The Blog Turns Ten
There's a picture over at Wired that you really have to see.
It's of Jorn Barger, the first person to use the word "weblog." Barger coined the term, which has been shortened to the now-ubiquitous "blog," ten years ago yesterday. He used it "to describe the list of links on his Robot Wisdom website that 'logged' his internet wanderings," as Wired puts it.
In the picture, Barger, clad in a blue t-shirt, doesn't exactly look like your office IT geek. He's got a long, scraggly beard, and long tufts of hair shoot out from beneath his ratty "Google" cap. Barger looks like he was working the land in remote mountains somewhere until he gave it all up to get his startup off the ground.

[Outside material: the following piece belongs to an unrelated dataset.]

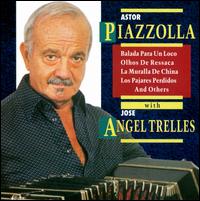 ASTOR PIAZZOLLA - Piazzolla & José Angel Trelles cover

And in terms of a representative of the blogging phenomenon – not to mention the whole internet, really – you couldn't ask for much more.
Think about it: Ten years ago, the truly industrious folks who wanted to share opinions or interesting articles might have had a newsletter. Today, thanks to the drastically reduced barriers to entry that the internet has provided, blogs have taken their place – there are 100 million of them at the moment, according to Technorati, and that number is growing.
Thanks to blogs, no matter how remote you might be, you're now easily interconnected. They've given us windows into warzones, shown us the minds of foreign leaders, and offered insights into everything from tort reform to gay square dancing, to mention just a tiny fraction of the total picture.
The Wired article features plenty of quotes about What It All Means, and you can head over there for the full treatment. One could write a book about how much blogs mean – in fact, folks have – but on the 10-year anniversary of the medium, this particular blog, a tiny voice in the cacophany, simply wanted to simply pay its respects. Blogs can be monumental or inconsequential, insular or wide open, enlightening or enraging. They have made the whole spectrum of human thought available, in all its messy glory, in the click of a button. And what's more revolutionary than that?